Jour 2

by isabellebernierconnexion


Jour 2

Matinée fatiguée.  Cinquante-deux jours, c’est différent de cinquante-deux semaines.  Ça veut dire que tout se précipite – enfin, dépendant de nos modes de croisière habituels.  Ce matin: marmots en cuisine, à moitié endormis…et maman qui déborde du stress d’un départ plus ou moins coordonné.  Me voici (photo), après les avoir ”livrés” à leur école respective.  Tout va bien. Tout va bien.  TOUT VA BIEN (je peux y croire).  Je me rappelle d’inspirer, puis d’expirer.

Constatation: j’ai encore transmis un stress aux enfants, lesquels me l’ont bien rendu en refusant de coopérer.  Un matin bombe de fatigue.  Un matin yoga, Chi Gong ou café, selon la routine.   Un matin plein et vide à la fois.

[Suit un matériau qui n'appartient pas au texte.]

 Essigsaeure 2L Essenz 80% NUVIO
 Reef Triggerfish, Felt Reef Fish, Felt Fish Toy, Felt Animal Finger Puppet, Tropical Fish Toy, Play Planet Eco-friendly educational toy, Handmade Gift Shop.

Et beaucoup d’étude à faire.

Question de la journée: avoir un focus, est-ce que ça veut dire avoir une, rien qu’une vision?

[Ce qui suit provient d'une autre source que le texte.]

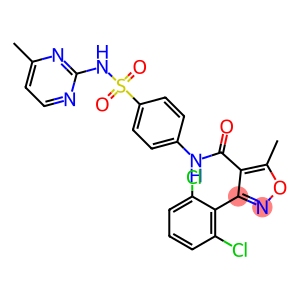 (3-(2,6-DICHLOROPHENYL)-5-METHYLISOXAZOL-4-YL)-N-(4-(((4-METHYLPYRIMIDIN-2-YL)AMINO)SULFONYL)PHENYL)FORMAMIDE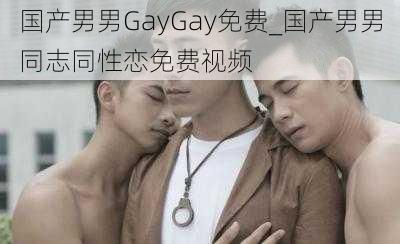 国产男男GayGay免费_国产男男同志同性恋免费视频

Préoccupation: l’attachement peut faire resurgir l’inquiétude et toutes sortes de vieilles peurs.  Ça concerne les enfants, le conjoint ou la conjointe, les amis, la famille au sens large aussi.  Et j’ai le sentiment que c’est un état qui peut se dépasser dans l’affirmation.  Il existe un risque de déplaire à ceux qui nous entourent.  Dire non, mettre une limite, poser un geste, un acte, une parole d’affirmation – avec amour – peut effectivement avoir un effet marteau.  Et oui, c’est l’histoire des derniers jours ici.  Pourtant…le regret et la culpabilité, on peut choisir de s’en passer.

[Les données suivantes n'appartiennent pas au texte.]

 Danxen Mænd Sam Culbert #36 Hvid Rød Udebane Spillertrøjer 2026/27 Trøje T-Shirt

 Par exemple (fiction aux airs de réalité),  quand un voisin locataire (supposons qu’on vit dans un ensemble de bâtiments avec appartements) se met en colère en raison d’une histoire de feuilles d’automne.  Il exige que les enfants du voisinage évitent d’utiliser celles qui se trouvent au sol  sous prétexte qu’elles lui appartiennent. Il peut être tentant d’intervenir.  Dans ce cas, passer en mode “affirmation“ pourrait signifier que l’on expose le cadre de ce qu’on appelle le gros bon sens, en deux ou trois phrases – je vous laisse le soin d’imaginer celles qui vous viendraient à l’esprit.  De mon côté j’aurais interpellé la nature et son existence autonome.  Comme le disent si bien les autochtones, la nature ne nous appartient pas.  Il en va de même de nos enfants, nos conjoints et tout ce qui nous entoure.  Qu’on soit locataire, propriétaire ou fantôme (pour illustrer l’intangible), c’est du pareil au même.  On naît tout nu et on repart tout nu.  Le reste, c’est du détail. Et ça porte à réfléchir, car de grandes guerres auraient pu commencer en des circonstances comme celles de la chicane de feuilles.

J’ai peut-être trouvé le point de départ du focus après tout.  Vive le jour 2! Et merci les voisins.